IBM's Sense of Humour

7 PM October 2, 2003

Leafing through the DB/2 SQL Reference, I found a function called to_date( string-expression, format-string ), which converts strings to dates. Just what I needed, I thought, for converting string in arbitrary formats to dates.

Nope.

This what the manual says about the format-string parameter:

format-string A character constant that contains a template for how the string expression is to be interpreted as a timestamp value. The length of the format string must not be greater than 254… The content of format-string can be specified in mixed case.

Valid format strings are: ‘YYYY-MM-DD HH24:MI:SS’

And that’s it. There is ONE valid format string. Passing any other value for that parameter earns you this error message:

SQL0171N The data type, length or value of argument “2” of routine “SYSIBM.TO_DATE” is incorrect. SQLSTATE=42815

Very funny, IBM.

By alang | # | Comments (5)
(Posted to Software Development and Rants)

DB/2 to Oracle with Hibernate

7 PM October 2, 2003

Had a huge day today converting our Hibernate application from DB/2 to Oracle 9i. The move seemed to highlight every single little shortcut we took through the whole development so far.

There were numerous little gotchas. Keith took the first one. Hibernate was using a single SELECT statement to read 146 columns spread across ten tables, half of which were outer joined. The generated SQL was 5923 bytes long. On DB/2, it was a performance problem; on Oracle it caused the JDBC driver to curl up its toes and die.

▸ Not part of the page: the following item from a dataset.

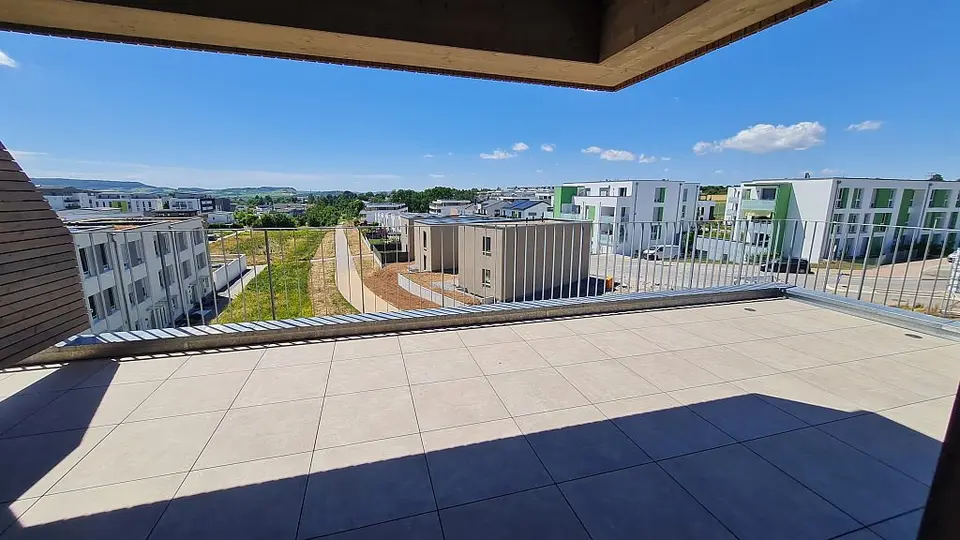4 Zimmer Wohnung mit 115 m² in Schwäbisch Hall – Bild 6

The most frustrating problem of the day was dates. It turns out that DB/2 and Oracle have very different ideas about how dates should be represented in literal SQL strings. We used literal dates quite heavily from our test cases. Turns out there is a representation of a timestamp that is valid in both Oracle and DB/2 (to_date(‘1962–08-11 12:00:00’, ‘YYYY-MM-DD HH24:MI:SS’)), but for straight dates there was no single string that worked in both SQLs. Prepared statements are fine—it’s just literal dates in SQL.

Hibernate has certainly lived up to its reputation—the generated SQL runs as well on Oracle as it does on DB/2. The only Hibernate problems we ran into were due to misconfigurations or misunderstandings, all easily corrected with a little help from Daniel.

Eclipse / WSAD deserve a mention here too. I would still be coding without Ctrl+Space, Ctrl+Shift+F and, especially, Ctrl+Shift+O.